# Mobo Dilemma..



## MegaMind (Jun 7, 2011)

Hey guys, my p5q mobo died... 
Went to rashi, they said it cant b repaired...
They said, One P5Q is avail at delhi but its a repaired mobo...
I said no to that n asked for credit note... Since ter  s one mobo at delhi rashi, they cannot provide credit note..
Then i spoke to the manager n he said that i can get any new mobo i want..
So planning on switching to Sandy bridge..

They've taken the value of my P5Q as 7.4K
They said,
For P8P67 PRO i hav to pay 4.5K more..
For P8Z68 V i hav to pay 5.5K more..

My ques s, *Which one to get?? *I am very short on cash...
P8Z68 V worth that 1K???


----------



## Jaskanwar Singh (Jun 7, 2011)

ask yourselves. will u use ssd cashing and lucid v? or you will do multi gpu setup?


----------



## Faun (Jun 7, 2011)

Yeah Z68 is worth the price 1k more.


----------



## MegaMind (Jun 7, 2011)

Jaskanwar Singh said:


> ask yourselves. will u use ssd cashing and lucid v? or you will do multi gpu setup?



SSD - Not till Dec 2011
Multi GPU - Not for a year...

How s lucid v helpful?


----------



## Faun (Jun 7, 2011)

^^quicksync bro. You get the best of both, H and P series.


----------



## MegaMind (Jun 7, 2011)

So quicksync is the only diff between P67 & Z68???


----------



## Faun (Jun 7, 2011)

^^Read this
AnandTech.com - Intel Z68 Chipset & Smart Response Technology (SSD Caching) Review


----------



## saswat23 (Jun 7, 2011)

Blindly go for Z68 for 1k more.


----------



## MegaMind (Jun 8, 2011)

Difference between P8Z68-V & P8Z68-V pro other than the extra 2*sata 3.0 ports and IEEE 1394a ports??

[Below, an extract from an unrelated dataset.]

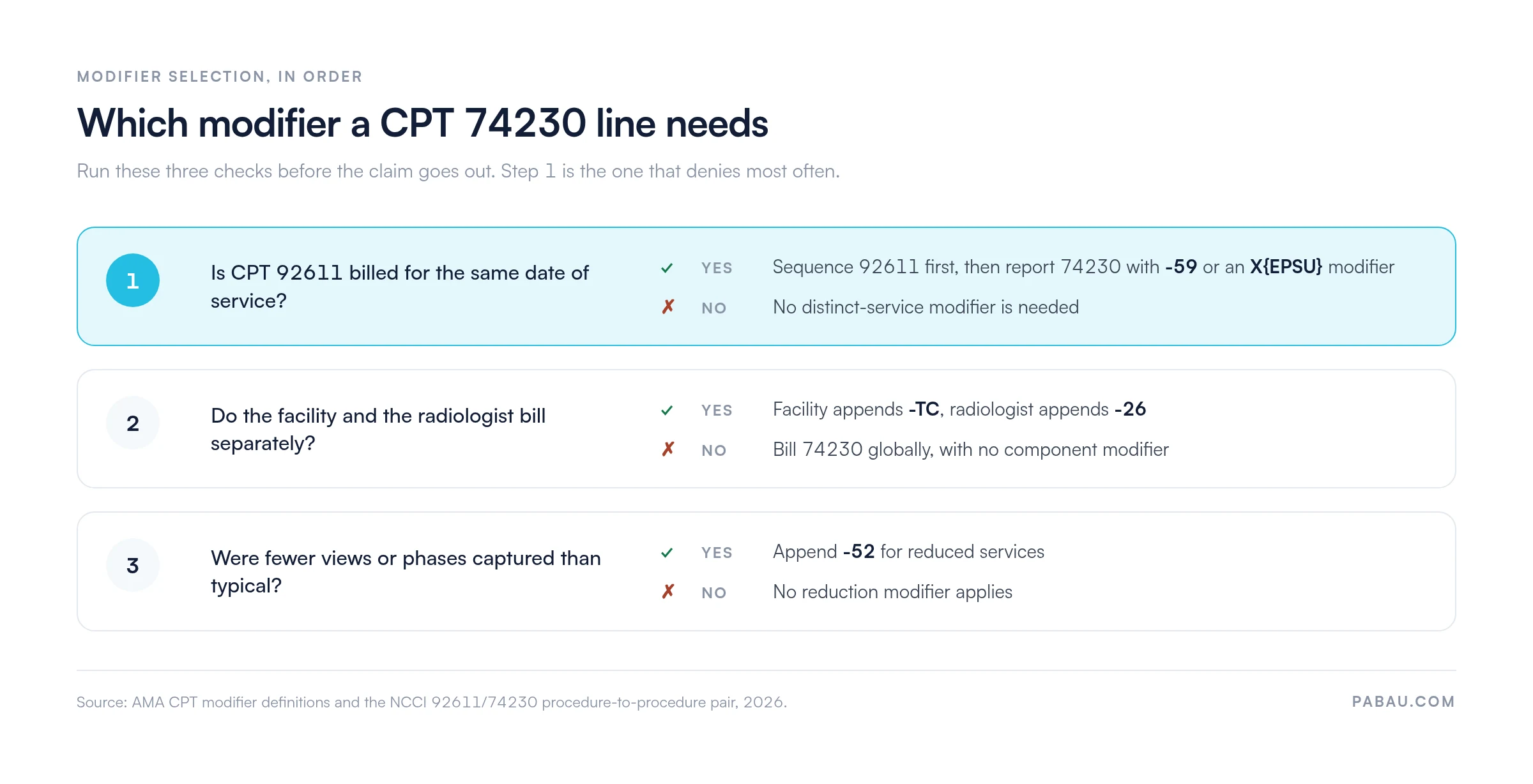 Decision chart for CPT 74230 modifiers.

Use of VIA 6308P controller, IEEE 1394a port?


----------



## Faun (Jun 8, 2011)

DTS.......

*in.asus.com/News/EaDs7oomBuA2LHDl/


----------



## mukherjee (Jun 8, 2011)

Get the Z68...its a steal bro!


----------



## MegaMind (Jun 8, 2011)

Faun said:


> DTS.......
> 
> ASUSTeK Computer Inc.



I have Xonar DX.. So i dont need onboard audio.



mukherjee said:


> Get the Z68...its a steal bro!



Thanks buddy i've made up my mind for z68-V, but Rashi guys said it is not avail now & also they do not know wen will it b avail...


----------



## mukherjee (Jun 8, 2011)

MegaMind said:


> Thanks buddy i've made up my mind for z68-V, but Rashi guys said it is not avail now & also they do not know wen will it b avail...



Thats so sweet of u   

Imo P8Z68V is available in Kolkata atm,its the P8Z68V PRO thats not available!


----------



## MegaMind (Jun 8, 2011)

mukherjee said:


> Thats so sweet of u
> 
> Imo P8Z68V is available in Kolkata atm,its the P8Z68V PRO thats not available!

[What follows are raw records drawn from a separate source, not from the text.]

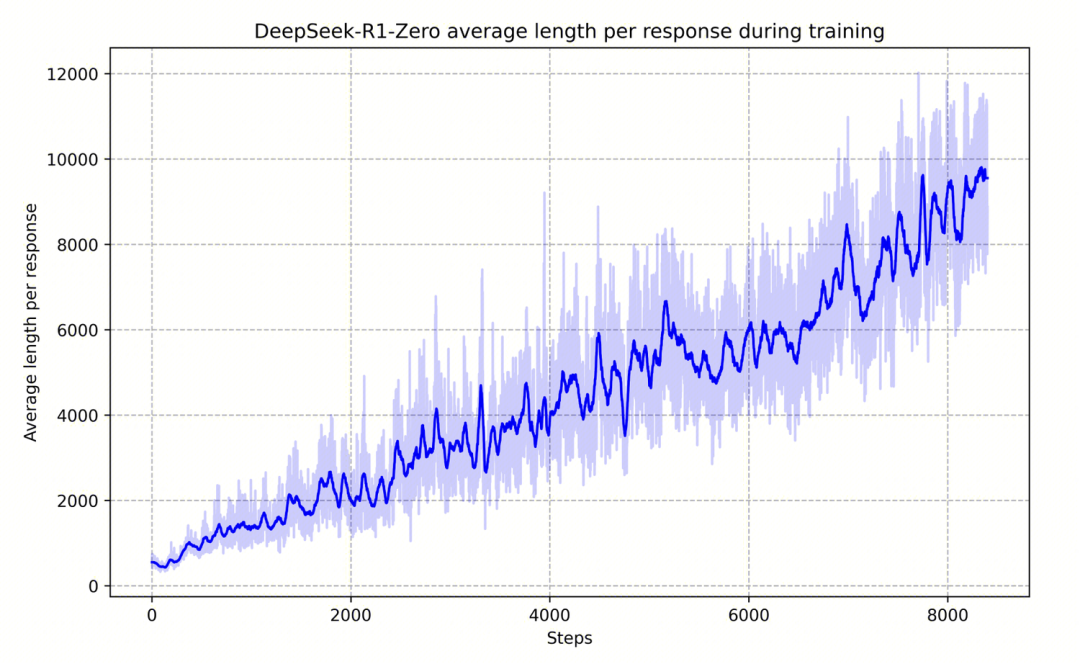 LLM学习笔记:最好的学习方法是带着问题去寻找答案
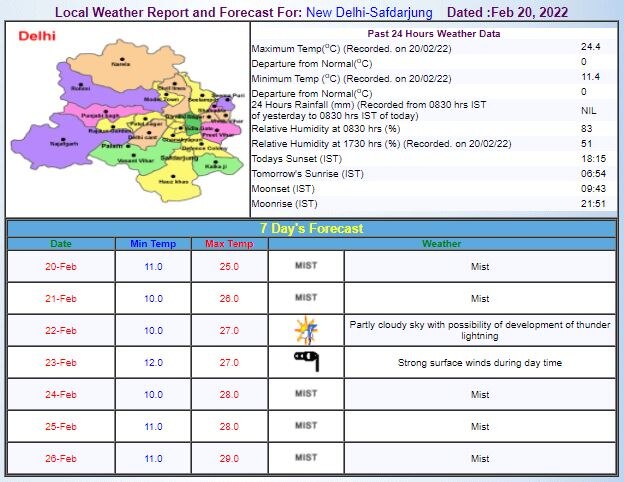 Delhi-NCR Weekly Weather Report: दिल्ली-एनसीआर में कोहरा नहीं छोड़ेगा सुबह का साथ और होगी बारिश, जानें- इस हफ्ते के मौसम का पूरा हाल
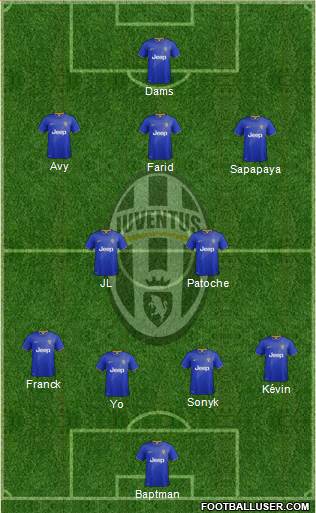 Juventus Formation 2015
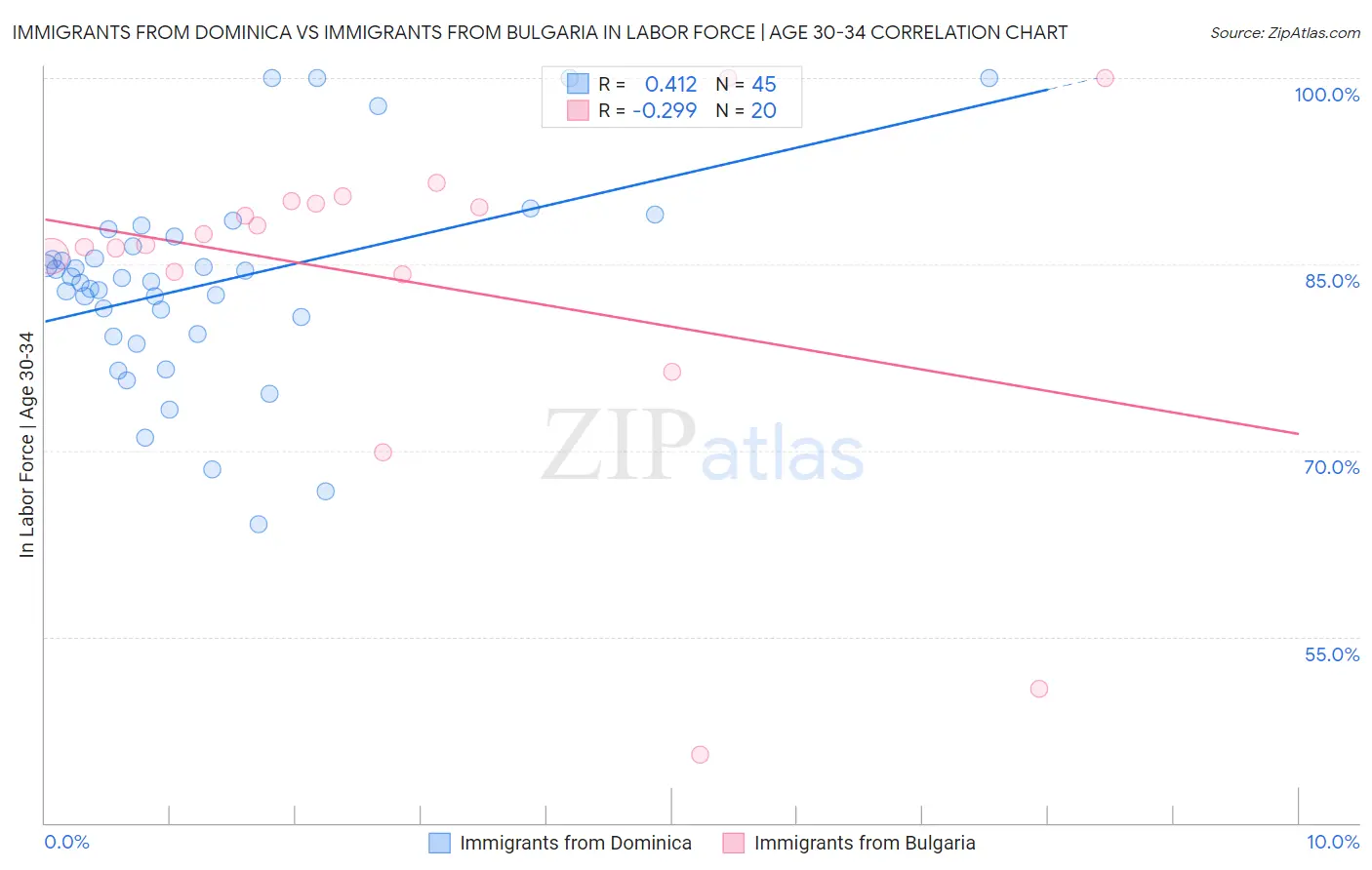 Immigrants from Dominica vs Immigrants from Bulgaria In Labor Force | Age 30-34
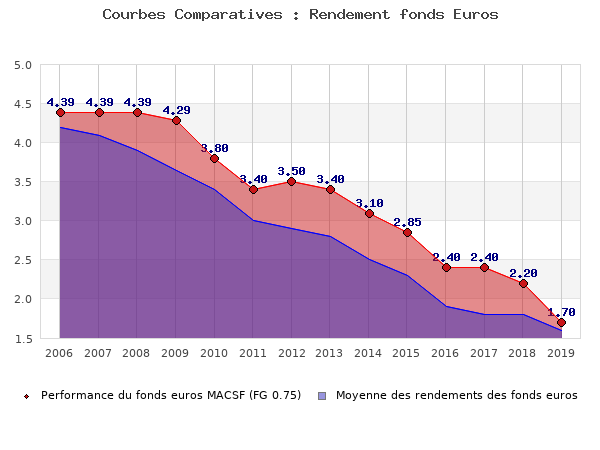 Macsf assurance vie en euros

Z68 havnt arrived is chennai yet... 
Also i hav to get the mobo from Rashi only ..


----------



## Faun (Jun 8, 2011)

MegaMind said:


> Z68 havnt arrived is chennai yet...
> Also i hav to get the mobo from Rashi only ..



Yeah Rashi is the distributor.


----------



## MegaMind (Jun 13, 2011)

Faun said:


> Yeah Rashi is the distributor.



U mean all Asus mobos comes to Rashi and then get distributed locally??

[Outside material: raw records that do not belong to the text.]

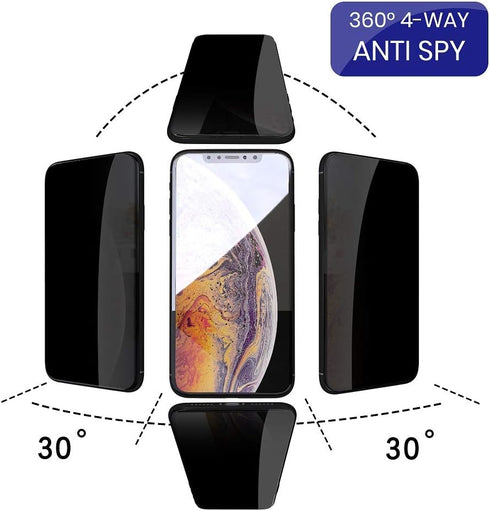 4-Way 360° Privacy Tempered Glass Screen Protector for iPhone 11/XR, 9H Scratch Resistant, Anti-Spy, 2 Pack.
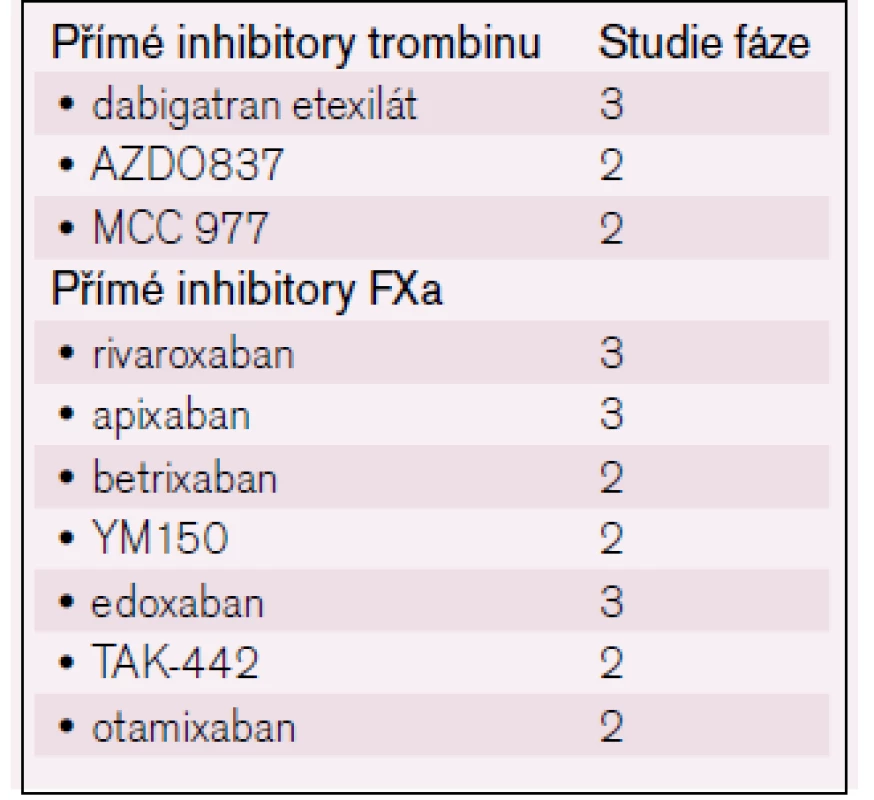 Přehled nových antikoagulancií/antitrombotik.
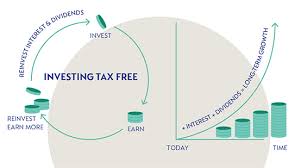 Tax Free Investment Returns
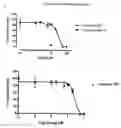 Fig. 09 - HDAC inhibitors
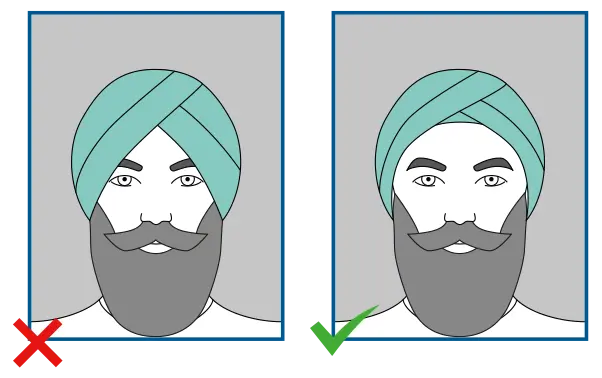A photo showing a person with headgear for religious purposes versus a person wearing a hat improperly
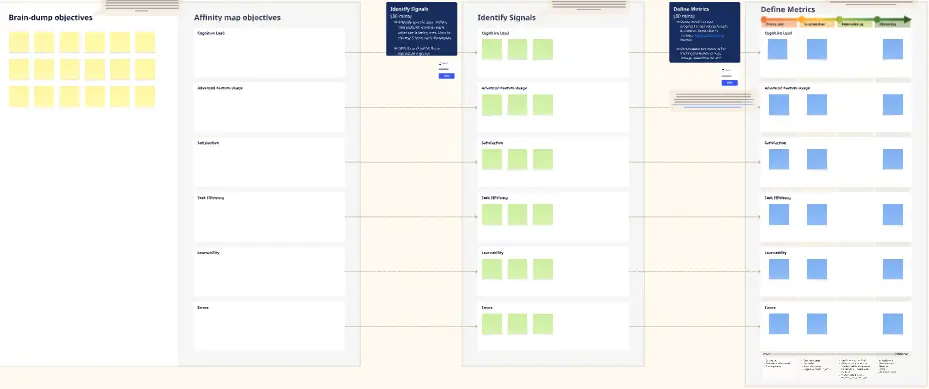 Template cover of Metrics for Success - CASTLE Framework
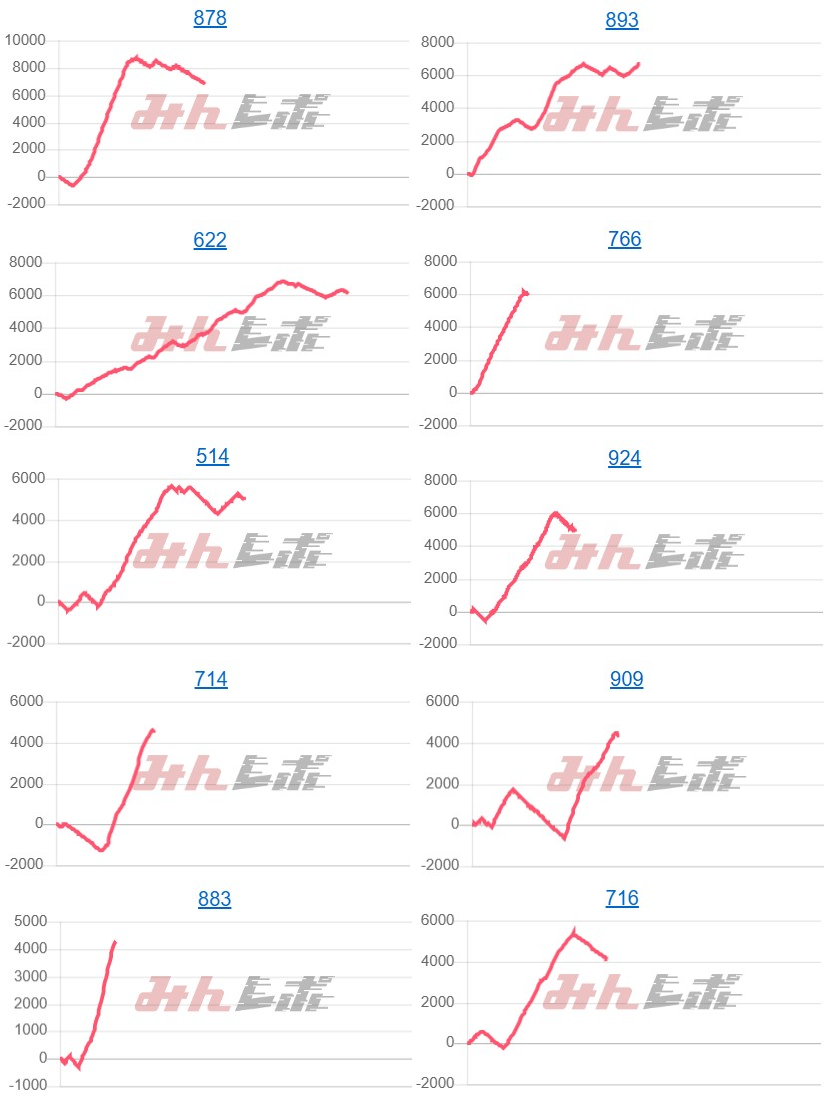 出玉スランプグラフ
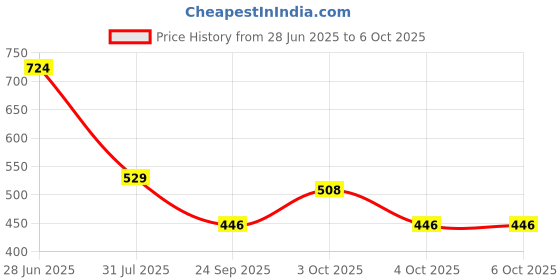 flipkart.com rab Folding Bracket Brass, Down Table or fold Down Racks (Brown, Size:-12" Inch, 300MM, 2 Pcs of 1 Set) 20, 10, 10 Shelf Bracket rab Price History Graph from 28 Jun 2025 to 6 Oct 2025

Also how is MAXIMUS IV GENE-Z compared to P8Z68-V??


----------



## saswat23 (Jun 13, 2011)

Maximus series are one of the best mobo series. But whats the price. Any idea ?


----------



## MegaMind (Jun 14, 2011)

Gene-z is 0.5K lower than P8Z68-V.

Also is P8Z68-V a good OCer as P8P67 PRO??


----------



## MegaMind (Jun 16, 2011)

> Most damning was the fact that Lucid Virtu caused our PC to consume more power when idle than if we just used the GTX 570 1.3GB alone. Factor in the lack of perfect multi-GPU support, as we saw from our failed efforts to use a GeForce GTX 590 3GB, and it’s clear that Virtu needs some work before it’s ready for everyday use.
> 
> *Source*



Has this issue been resolved?


----------